I think it's fair to say that 2020 has been a bad year for dividends. Due to the pandemic, a large number of popular dividend shares have had to defer or cancel their dividends.
While this is disappointing, I'm confident that most dividend payments will resume again next year. In light of this, now could be a good time to look at the dividend shares to own in 2021 and beyond.

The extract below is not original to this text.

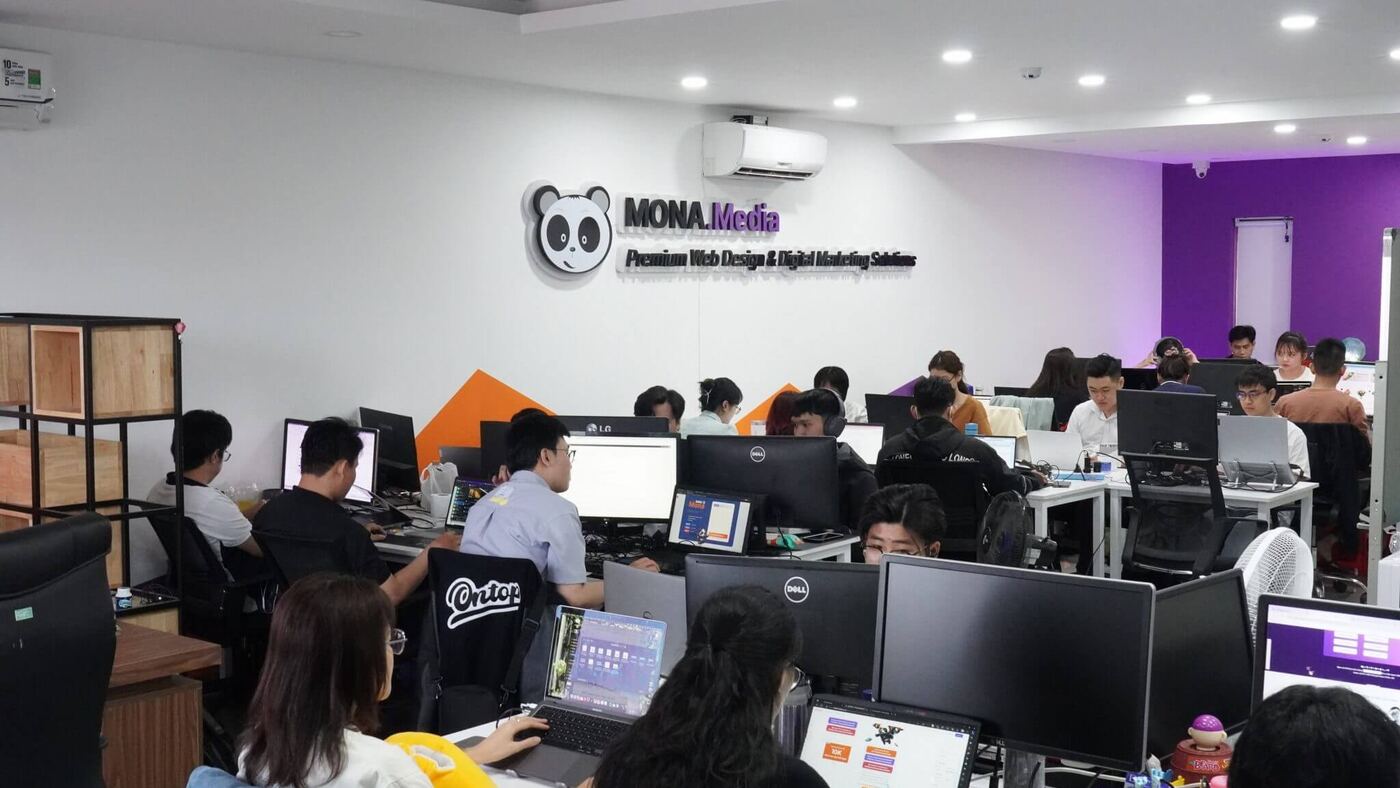 Văn phòng MONA Media rộng thoáng với dãy bàn làm việc và màn hình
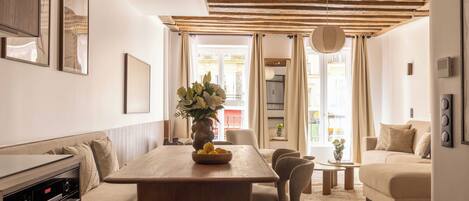 Una sala de estar moderna con una mesa de comedor de madera, sofá y una cocina con horno empotrado.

Here are two dividend shares I think should be considered:
Stockland Corporation Ltd (ASX: SGP)
Stockland is a property company which owns, manages and develops a diverse range of property assets. These include retirement villages, retail centres, business parks, offices, and logistics centres. Its shares have been hit very hard during the pandemic and are now down almost 50% from their 52-week high. I think this has left them trading at bargain prices for income investors. I'm not the only one that thinks this.
A recent note out of Goldman Sachs reveals that it has a buy rating and $4.43 price target on Stockland's shares. It has been running the rule over the company and expects it to pay a distribution of ~26 cents per share in FY 2021. This equates to a whopping 9.2% distribution yield.
Sydney Airport Holdings Pty Ltd (ASX: SYD)
The Sydney Airport share price is down 41% from its 52-week high. Investors have of course been selling the airport operator's shares after travel restrictions left its runways and terminals virtually empty. The good news is that Australia is now reopening and over the coming months Sydney Airport will start to see a recovery in domestic passenger numbers. While a full domestic recovery will take time and international tourism will take even longer, the company looks well-placed to pay a dividend in FY 2021.
Another recent note out of Goldman Sachs reveals that it expects Sydney Airport to pay a 29 cents per share dividend in FY 2021 and then a 37 cents per share dividend in FY 2022. If this proves accurate, it means that the company's shares offer 5.3% and 6.7% yields, respectively, over the next couple of years. I think this is achievable and makes it well worth being patient with its shares.